De regresso ao pântano

PUB.

Ter, 08/05/2018 - 10:11


Começara o século quando um António, quase tão santo quanto o proclamado padroeiro da capital, também com dotes oratórios afamados, mas igualmente destinado a sermonar aos peixes, comunicou ao país, entre pesaroso e desiludido, que já não suportava o fedor do pântano em que se tornara a política nacional e, por isso, se demitia das funções de primeiro-ministro.
António Guterres dedicou-se depois a virtuosas tarefas, lidou com a miséria, a dor e a morte e continua empenhado em que este mundo seja respirável, mesmo quando sobre a sua cabeça voam mísseis em crescendo e o cantar das metralhadoras lhe abafa os apelos à serenidade.
Entretanto, como muitas vezes acontece na natureza, da podridão do pântano emergiu cobertura de erva fofa, pontuada por eflorescências coloridas que, ao longe, deixam ver um prado acolhedor e refrescante. Conhecem-se tragédias provocadas por tais ilusões, verdadeiras armadilhas que atraem incautos às areias movediças, para os engolir irremediavelmente.
Apesar do piedoso aviso, ninguém lhe ligou.
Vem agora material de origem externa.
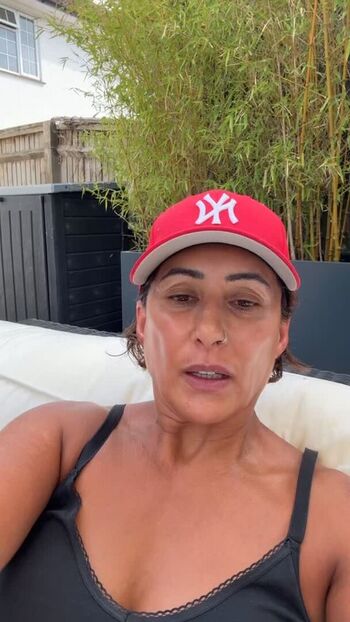Full leaked Saira khan private photo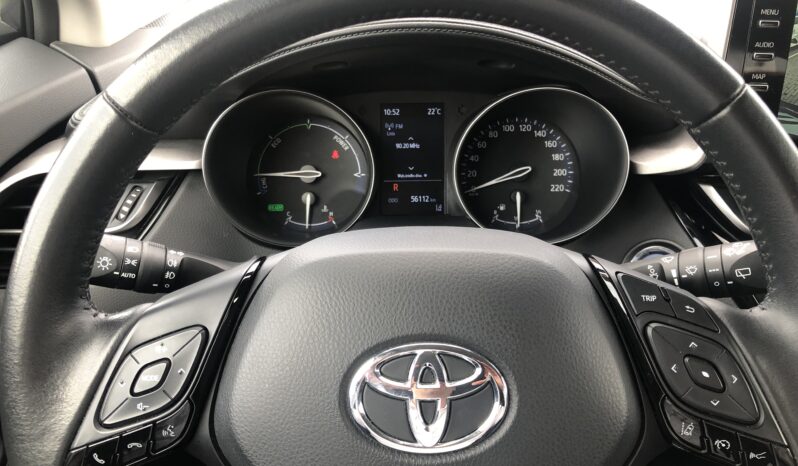 Toyota CHR pełna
Dos fracos e hesitantes não rezaria a história, o mundo estava para gente ousada, os tempos que vinham prometiam prosperidade. No meio de tanta fartura nada melhor do que aproveitar, que esta vida são dois dias. A esperteza videirinha tem sido, aliás, fonte de prestígio, até porque pobres e burros que os leve o diabo...diz o povo.
Mas pela enésima vez na história deste mundo, a trama urdida pela vigarice internacional para comer as papas na cabeça aos lorpas, não resistiu à dureza da economia real. Voltaram dias de retracção, falências em catadupa, desemprego alarmante, cintos a apertar até colar a barriga às costas. Cresceu o rumor incómodo que acompanha a desgraça, instalou-se a raiva que volteia sobre as ruínas.
Mesmo assim a cupidez impôs a sua lei e alimentou a vertigem de que não falta sorte a quem não questiona a própria consciência. Por isso o pântano alastrou, atolando o sistema político nas lamas da baixeza, da indignidade, da cobiça tonta, da falsidade e da presunção de olímpica impunidade. Todos os dias surgem notícias do aproveitamento descarado, da falta de vergonha, mesmo da arrogância despudorada de protagonistas da política caseira.
No entanto, o pântano também tem os seus limites, o seu ‘equilíbrio ecológico’. A densidade de batráquios pode tornar-se excessiva e nada melhor que sacrificar alguns para garantir a tranquilidade que afaste as atenções de quem tem vontade de o secar, porque, certamente, neste couto pestilento os valores não encontram abrigo.
Poderá acontecer, para surpresa geral, que a turba de rãs produza tal chiqueiro de acusações mútuas, revelador da verdadeira dimensão do charco mortífero de que o bom António tentou arredar-nos daquela forma suave e misericordiosa que continua a caracterizar os que contemplam a utopia da santidade.
Talvez valesse a pena que tivesse sido mais claro, corajoso e desassombrado, permitindo poupar o país ao suplício da vergonha que o atira para a condição de verdadeira choldra, que tanto perturbava o velho Eça, carregado de razão mais de um século depois de ter zarpado para outras paragens.